Aujourd’hui, en termes de protocoles opératoires au laser, ce sont surtout le Lasik et le PresbyLasik qui permettent de soigner la presbytie, l’utilisation de la PKR pour cela étant bien plus marginale. Outre ce trouble de l’accommodation, ces techniques permettent également la prise en charge d’éventuels autres défauts de vision, myopie, hypermétropie ou astigmatisme. Méthode chirurgicale utilisée et complexité de l’intervention sont deux facteurs prépondérants quant au coût du traitement.
Qu’est-ce que la presbytie ?
Au sein de l’œil, le cristallin est en charge de l’accommodation. Cela signifie que c’est lui qui fait la mise au point en s’adaptant à la distance d’observation. Il reste plat en vision lointaine et se bombe de manière réflexe si l’objet observé est proche.
Mais, cette lentille convergente naturelle vieillit et perd peu à peu en élasticité, ce qui démarre le plus souvent vers le milieu de la quarantaine. Alors, les sujets atteints constatent une dégradation de leur vision proche et ils doivent par exemple de plus en plus étendre les bras pour lire ou se servir de leur téléphone portable. Et, cela s’accentue progressivement, jusqu’à environ 65 ans, âge auquel la presbytie se stabilise.
Le port de verres correcteurs constitue la méthode la plus classique de prise en charge de la presbytie.
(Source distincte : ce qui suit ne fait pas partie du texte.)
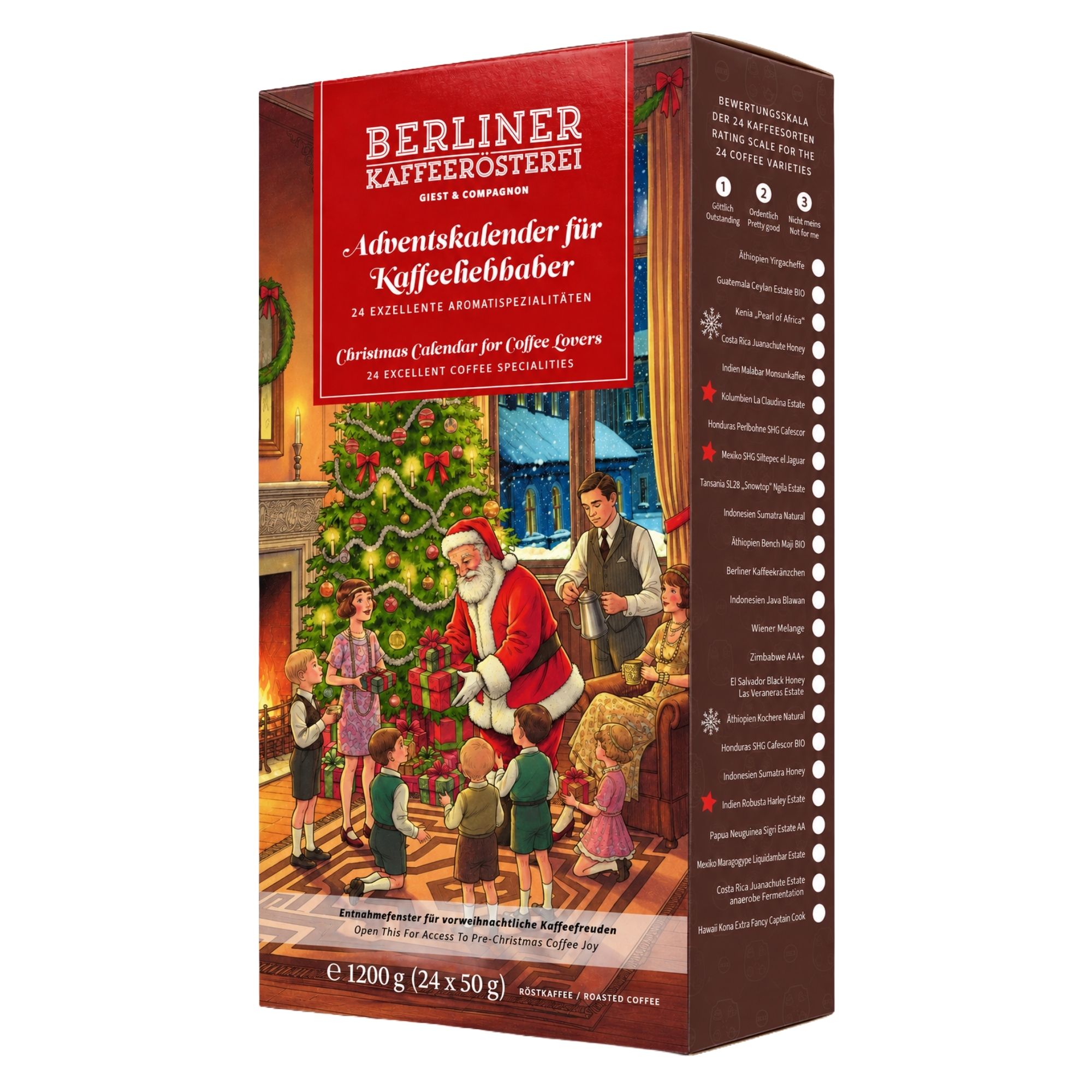 Kaffee Adventskalender (gemahlen)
Grâce à la chirurgie réfractive, il est néanmoins possible de se libérer de cette contrainte de façon très significative, voire totalement.
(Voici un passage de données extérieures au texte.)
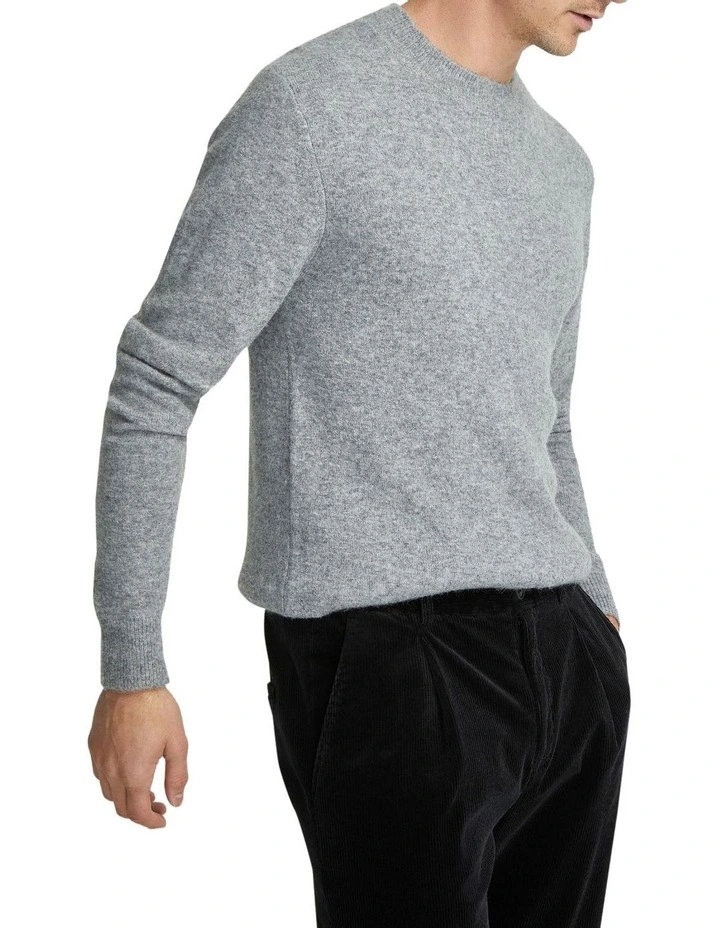 Arthur Crew Neck Knit Top in Grey image 2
Ce sont notamment deux techniques laser qui permettent cette amélioration du confort visuel au quotidien, le Lasik et le PresbyLasik.
Lasik et PresbyLasik : quelle différence pour traiter la presbytie ?
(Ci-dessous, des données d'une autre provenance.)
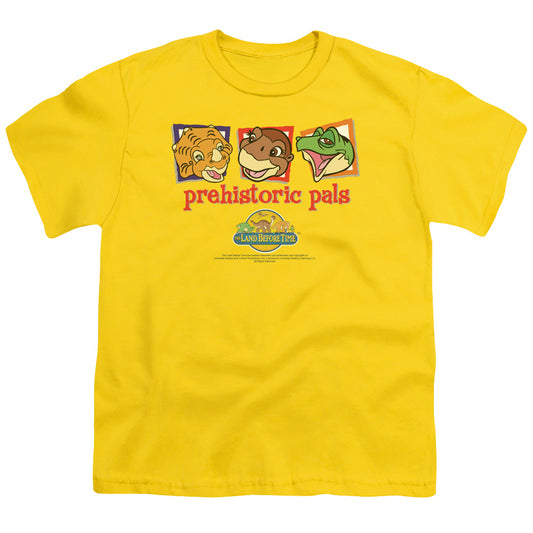 Land Before Time - Prehistoric Pals - Short Sleeve Youth 18/1 - Yellow T-shirt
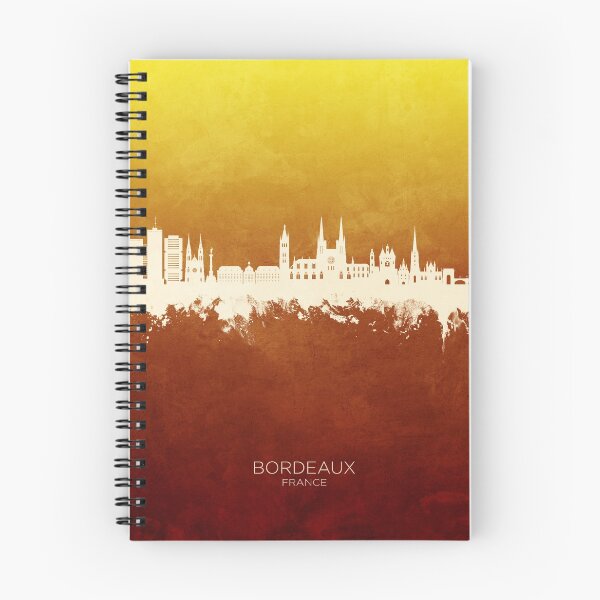 Item preview, Bordeaux France Skyline designed and sold by ArtPrints.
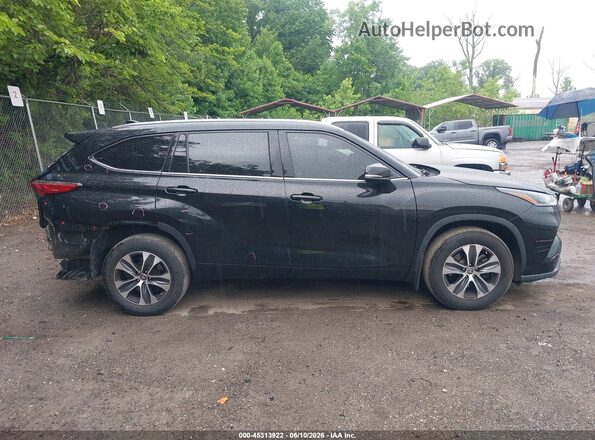 5TDGZRBH4MS148084 2021 TOYOTA HIGHLANDER Black Панорамний вид салону 360°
Les deux techniques permettent de soigner les deux yeux sur le même temps opératoire, au cours d’une intervention réalisée après instillation de collyre anesthésiant et qui ne dure généralement pas plus de 30 minutes.
Dans les deux cas, après création d’un capot dans les couches cornéennes les plus superficielles, ce dernier est soulevé pour donner accès au stroma, le feuillet intermédiaire de la cornée. C’est là qu’est alors appliqué un laser Excimer qui permet de procéder à la photoablation de la cornée pour en modifier la forme.
Lorsque c’est le Lasik qui est utilisé, le chirurgien met en place une « monovision » : un œil est dédié à la vision proche et l’autre à la vue de loin. A l’inverse, au cours d’un PresbyLasik, les deux yeux sont traités quasi identiquement, pour bien voir de près comme de loin, et l’on parle alors de « multifocalité ».
Quel est le coût d’un traitement de la presbytie au laser ?
Le choix de la méthode la plus adaptée ne peut se faire qu’après un bilan préopératoire minutieux. Il prend notamment en compte les caractéristiques de la cornée du sujet, la puissance de sa presbytie, et sa tolérance à chacune des deux stratégies, monovision ou multifocalité.
De même, les éventuels autres troubles visuels du sujet doivent être étudiés, afin d’adapter le profil de photoablation au laser pour pouvoir aussi les corriger. Ces différents éléments viennent impacter le prix du traitement.
Une fois les détails de l’intervention connus, le praticien a alors l’obligation légale de remettre au patient un devis personnalisé. Ce document lui permet notamment de contacter sa mutuelle afin de se renseigner sur une possible prise en charge. En revanche, aucun remboursement n’est à attendre de la part de l’Assurance Maladie.